** RECORDED INFORMATION follows **

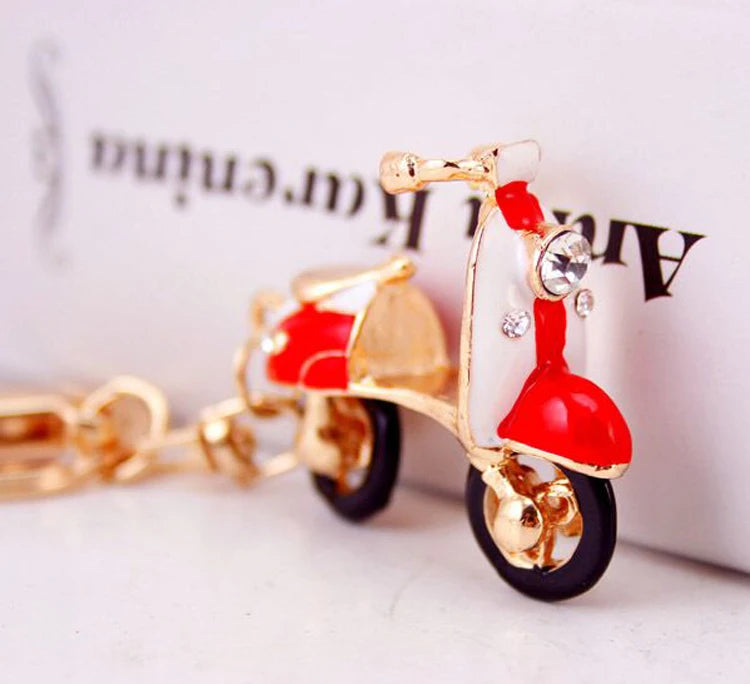 2026 Full Crystal Motorcy Pendants Jewelry Animal Keychain Car keyrings Women's bag accessories Unicorn keychain Rhinestone Keys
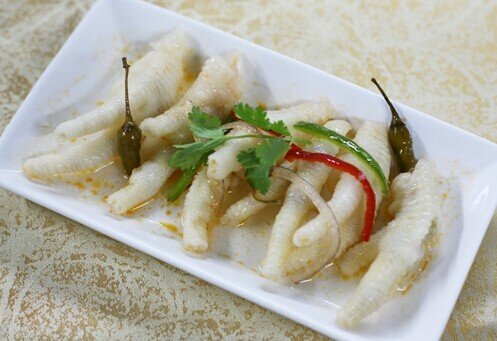 白云凤爪的正宗做法视频,白云凤爪的做法和配料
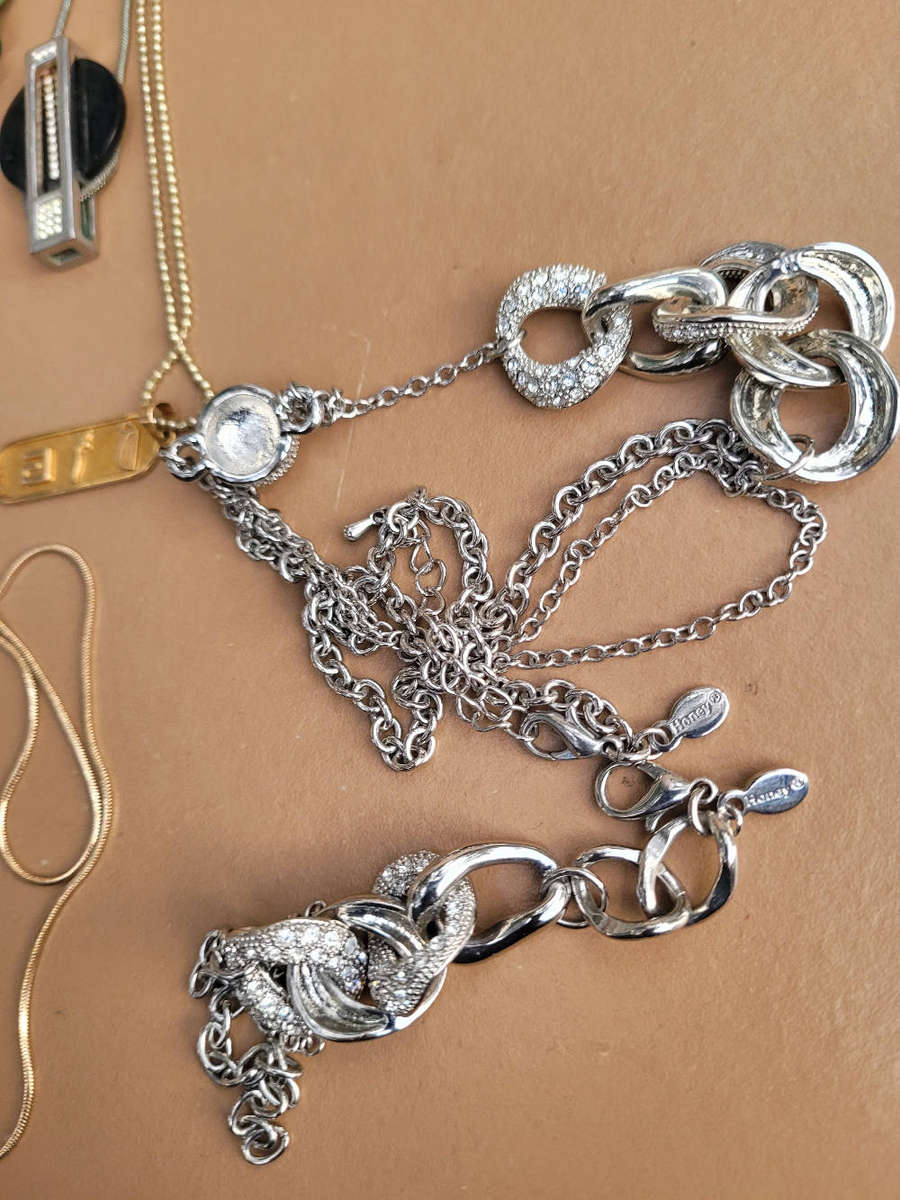 JOB-LOT Mixed Good-Used Jewellery In Cosmetic Box-As Pictured (Back Hinge Loose)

** End of RECORDED INFORMATION **

## YOUR INSTRUCTIONS
Nothing but the lines from the one containing "白云凤爪的正宗做法视频,白云凤爪的做法和配料" through the end of the listing should be printed, each exactly as it appears and without pictures.

## RESPONSE TO THIS TASK
 白云凤爪的正宗做法视频,白云凤爪的做法和配料
 JOB-LOT Mixed Good-Used Jewellery In Cosmetic Box-As Pictured (Back Hinge Loose)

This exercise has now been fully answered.